Banking on their overwhelming majority in the legislative assembly, ZANU-PF whipped its Members of Parliament, who strangely voted for its passage despite the fact that some of them had suggested a plethora of amendments.
This prompted Speaker of the National Assembly, Jacob Mudenda, to direct concerned MPs, mainly from the opposition MDC-T, to submit the proposed amendments to Senate for deliberation.
But lawmakers who spoke to the Financial Gazette yesterday said there was a high possibility that the Bill would easily pass Senate without amendments.
Sceptics were quick to argue that there was a possibility that the amendments might never see the light of day given their nature and scope.
The LAB was hastily drafted to halt massive job losses triggered by a July 17 Supreme Court ruling, which gave employers power to terminate employee contracts on three months’ notice.

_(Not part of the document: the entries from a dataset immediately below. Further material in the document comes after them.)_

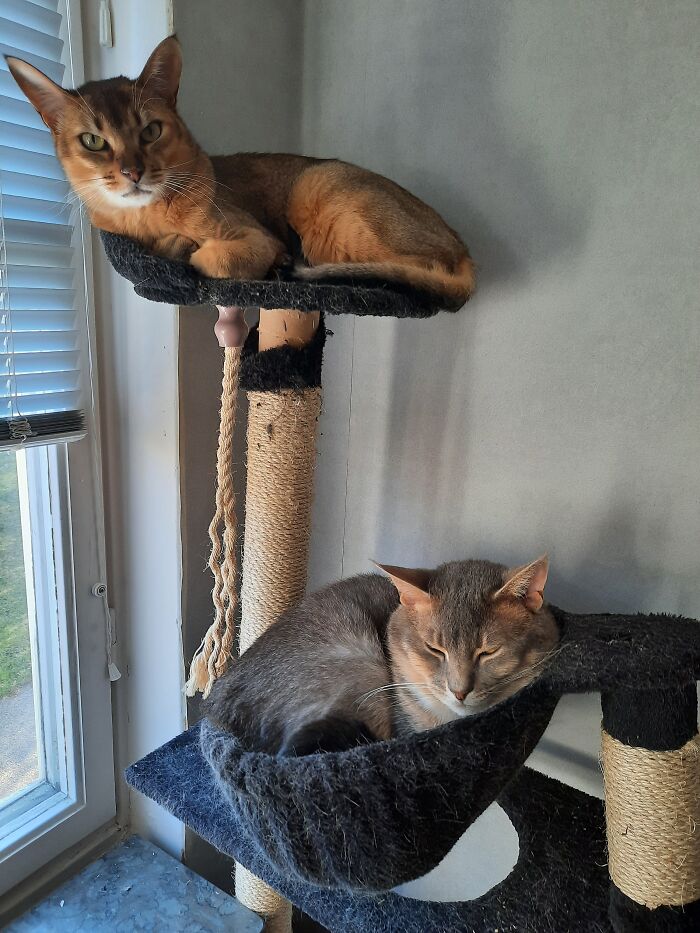 Gandalf And Merlin. Gandalf Came First - He's Gray And Plonked Down On Thresholds Trying To Catch My Feet (Though Shalt Not Pass!) And I Like Fantasy, So It Seemed To Suit Us Both. Merlin Is His (Reddish) Half Brother Who Joined Us Last Year.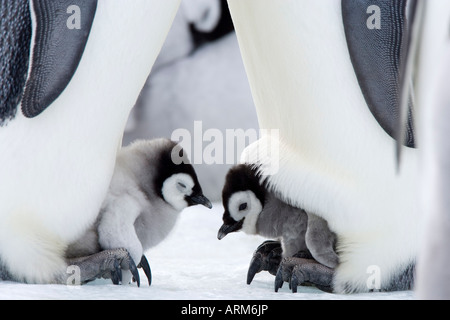 Pinguino imperatore pulcini (Aptenodytes forsteri), Snow Hill Island, Mare di Weddell, Antartide, regioni polari Foto Stock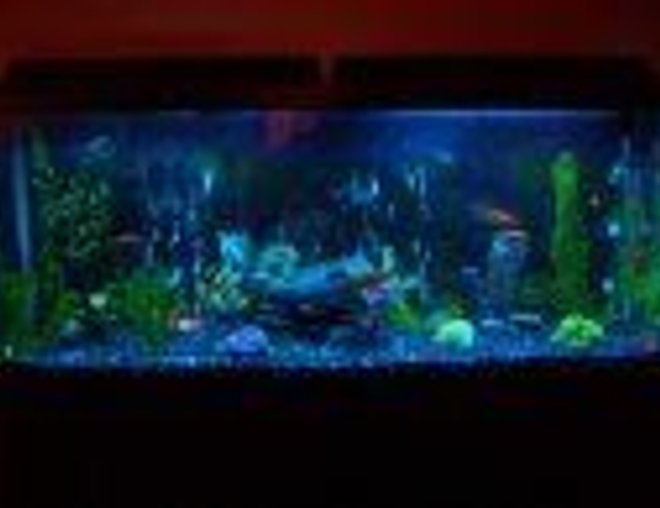 55 gallons freshwater fish tank (mostly fish and non-living decorations) - Fresh water, multiple fish types, artificial decorations
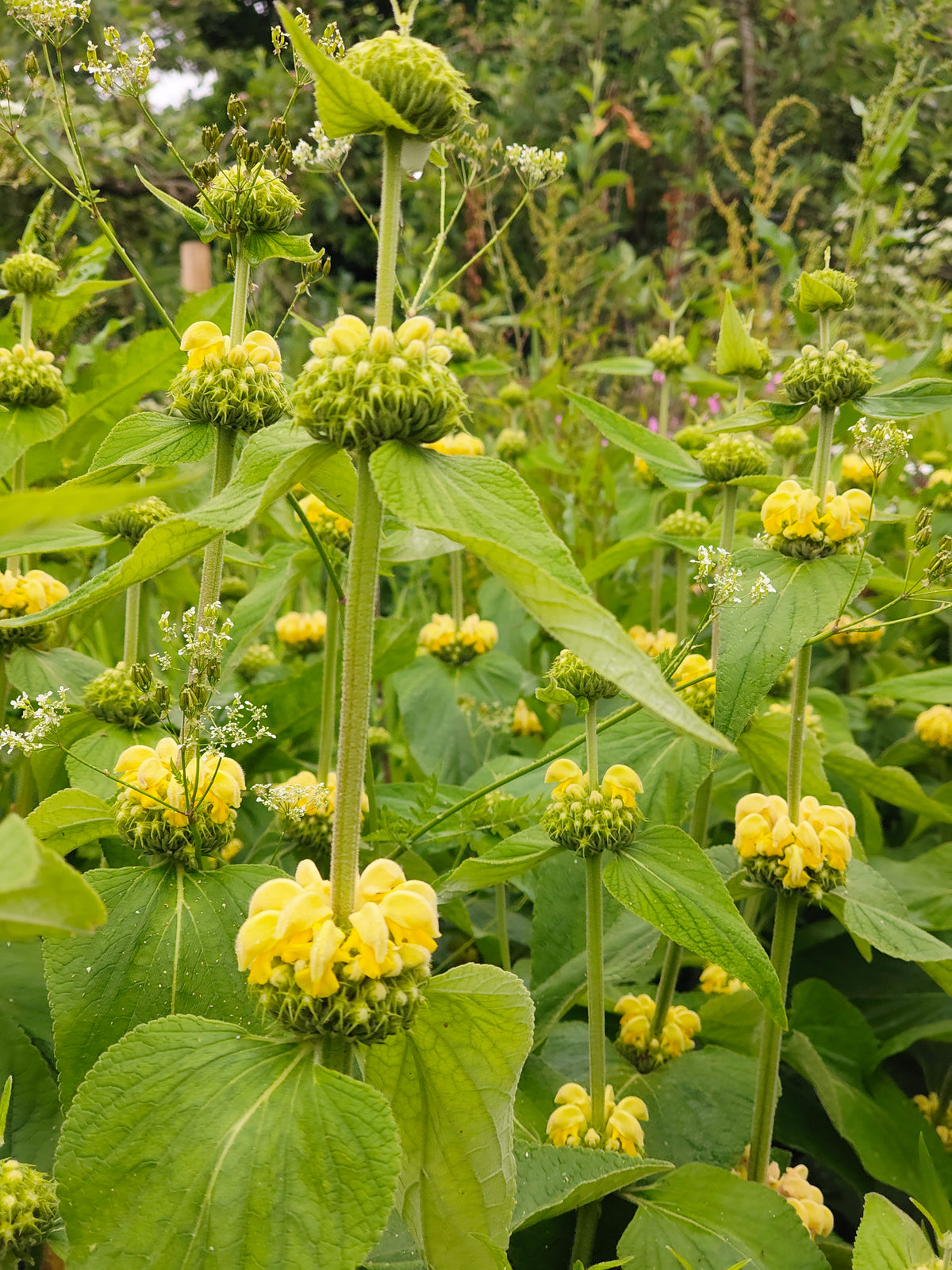 Phlomis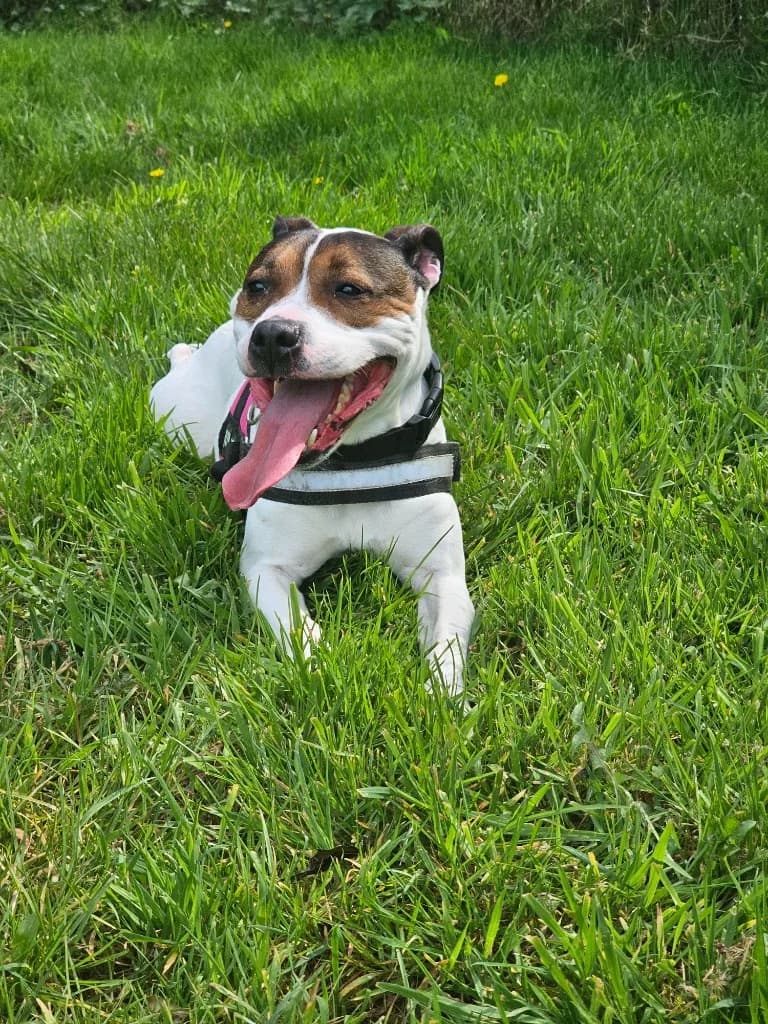 Sky, female 5yo Staffordshire Bull Terrier for adoption at RSPCA Cornwall Branch, Saint Columb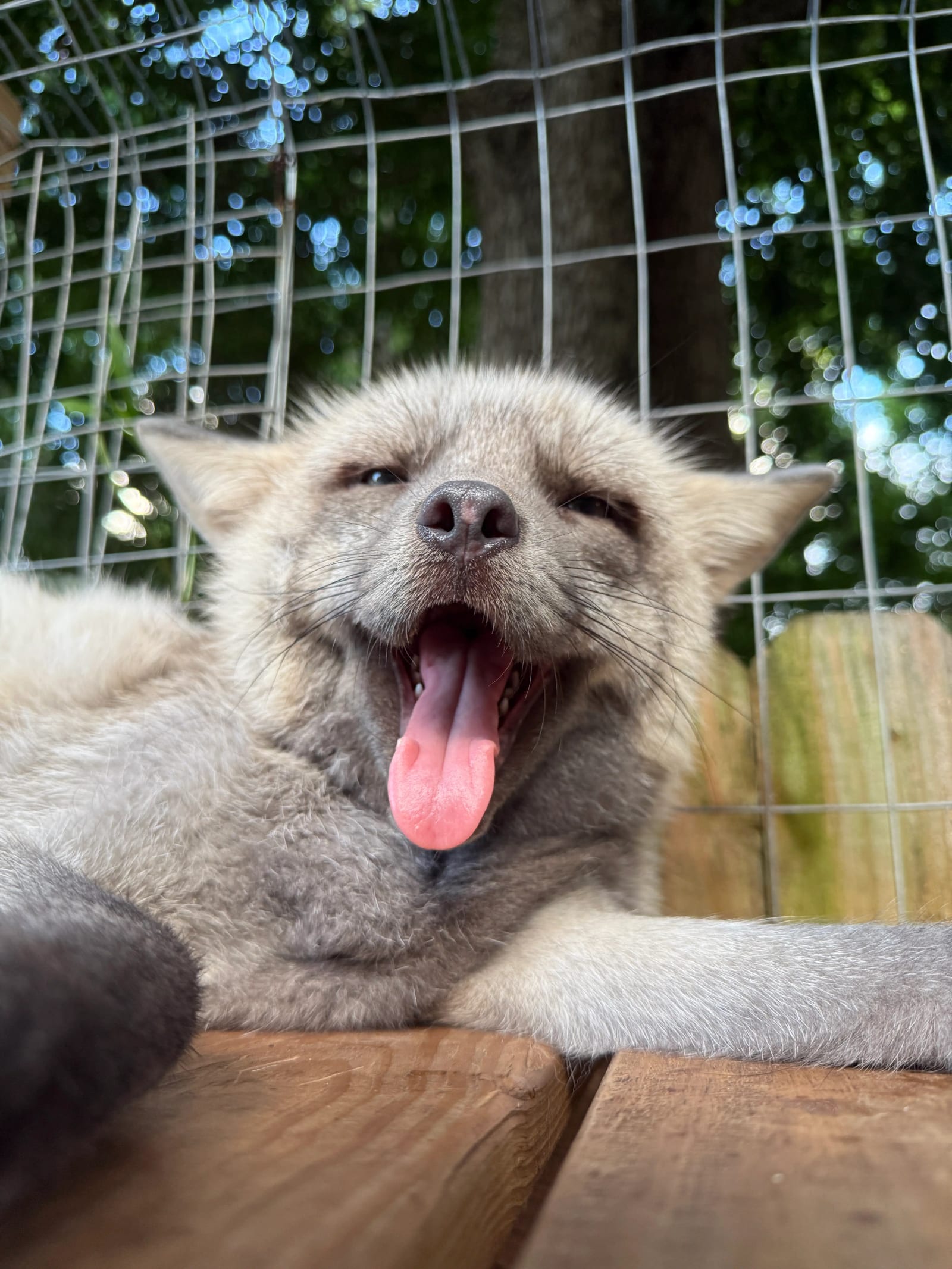 Caregiver providing daily meals and bedding for a rescued fox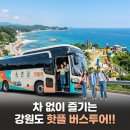 영진월드투어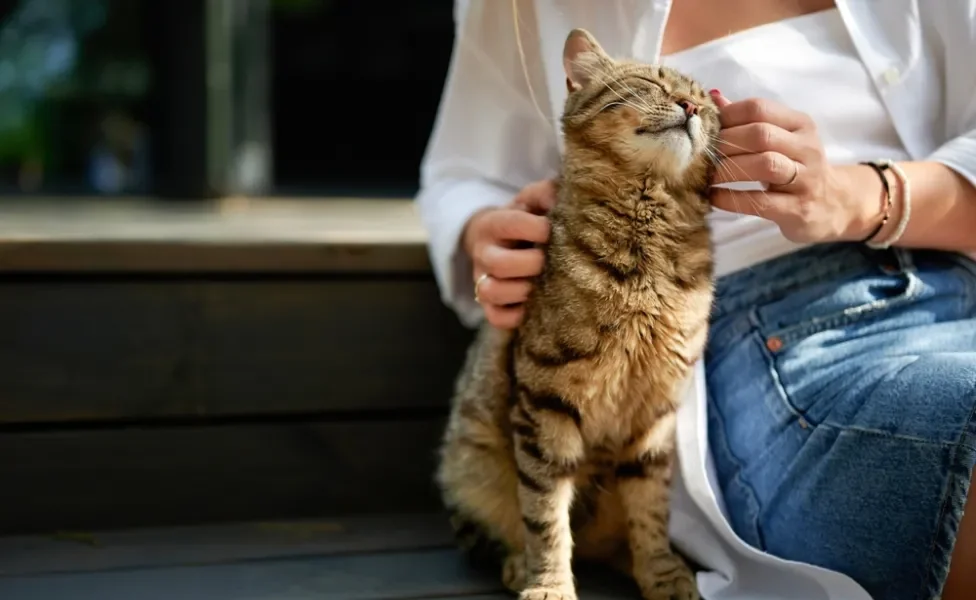 gato feliz recebendo carinho na cabeça de mulher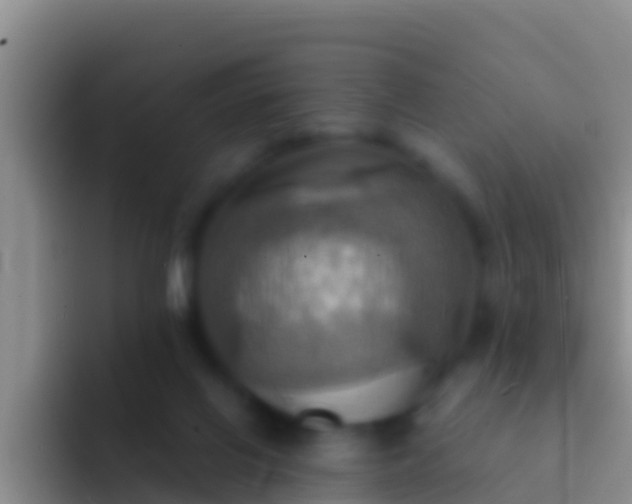 X0000092110070200709262206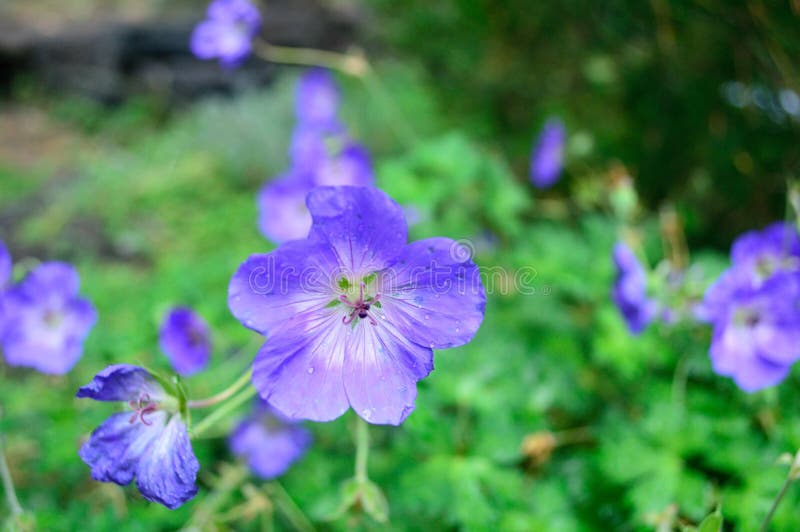 Close-up Hardy Geranium Rozanne stock foto Close-up Hardy Geranium Rozanne stock foto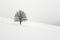 Lonely tree on a snowy field in winter, black and white
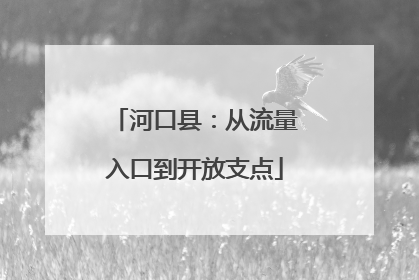 河口县：从流量入口到开放支点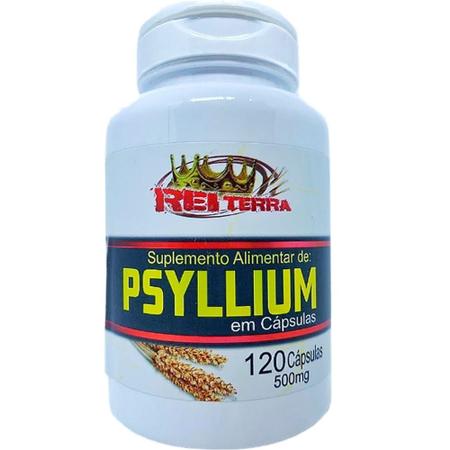 Imagem de 4 Potes de Psyllium 120 Cápsulas 500mg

About 25 000 workers from both the private sector, local authorities and state enterprises have been sent packing since the judgement.
One of the major sticking points was the provision in the LAB for compensation amounting to an equivalent of one months’ salary per two years served payable to an employee upon dismissal, which MPs felt was too little.
The payment would be roughly half the employee’s monthly salary for each year, or just two weeks wages.
MPs wanted that clause to be amended to give the employee at least one month’s salary for each year served upon termination of employment in addition to a severance package amounting to six months’ salary and a translocation allowance.
A translocation allowance is a payment given to a worker to allow him or her to relocate to his or her preferred destinations after losing a job.
One legislator also argued against a provision which allows an employer to make an appeal for waiver of retrenchment with the Retrenchment Board if he/she had no capacity to compensate, with the appeal considered automatically approved if not responded to within two weeks after being lodged.
There was also heated debate as MPs felt there was need to legislate in retrospect to force companies that sacked workers prior to the High Court ruling, with Buhera South legislator, Joseph Chinotimba, submitting termination letters of former employees of conglomerate Meikles who were fired in February.
The LAB only allows for compensation for employees fired on the basis of Chief Justice, Godfrey Chidyausiku’s July 17 ruling.
Other MPs like Movement for Democratic Change (MDC-T) vice president, Thokozani Khupe, called for the addition of a clause which allows for the reinstatement of all workers fired after July 17.
“As the MDC-T, we want to make it clear that we are against the Supreme Court ruling. We want all workers fired on the basis of the ruling to be reinstated, failure of which they should get adequate compensation,” she said while giving her submissions.
Mufakose legislator, Paurina Mpariwa, also challenged the provision of the Bill which gives the Minister of Labour power to dissolve executives of trade unions.
Watchers said the unusual position taken by both Mupfumira and Mudenda raised questions over whether ZANU-PF was sincere in wanting to incorporate the amendments.
“What raises doubt is the fact that the amendments should have been incorporated during the debate in the National Assembly. Whether or not these amendments will be accepted is the responsibility of Minister Mupfumira who showed she was not keen to accept them and we wonder what would have changed in the next few hours for her to change her mind,” said an MDC-T MP who did not want to be named.
According to Parliamentary procedure, the responsible minister has the choice to reject or accept amendments to any Bill.
If he or she rejects the amendments, they will then be subject to vote, which means the side with the majority carries the day as what happened on Tuesday.
MDC-T chief whip, Innocent Gonese, doubted that his party’s suggested amendments would be accepted.
He said probability was high that ZANU-PF MPs would frustrate the amendments given their “strange behaviour on Tuesday night”.
“I have my doubts (that the amendments will be incorporated) because our counterparts seem not to be reading on the same page as us. They want to paint a rosy picture to give the impression that they are for the workers when the opposite is clearly true,” Gonese told the Financial Gazette.
“But as directed by the Speaker, we are engaging our members in the Senate so that they can raise the issues but as you know at the end of the day, it’s a question of numbers. They also have the majority in the Upper House. We don’t see the Minister (Mupfumira) accepting the amendments. If she really wanted to accept them, she could have done so yesterday (Tuesday). On that basis, there is every reason for us to believe that this Bill is cast in stone and it will pass in its current form,” he said.
Mupfumira was not answering calls yesterday.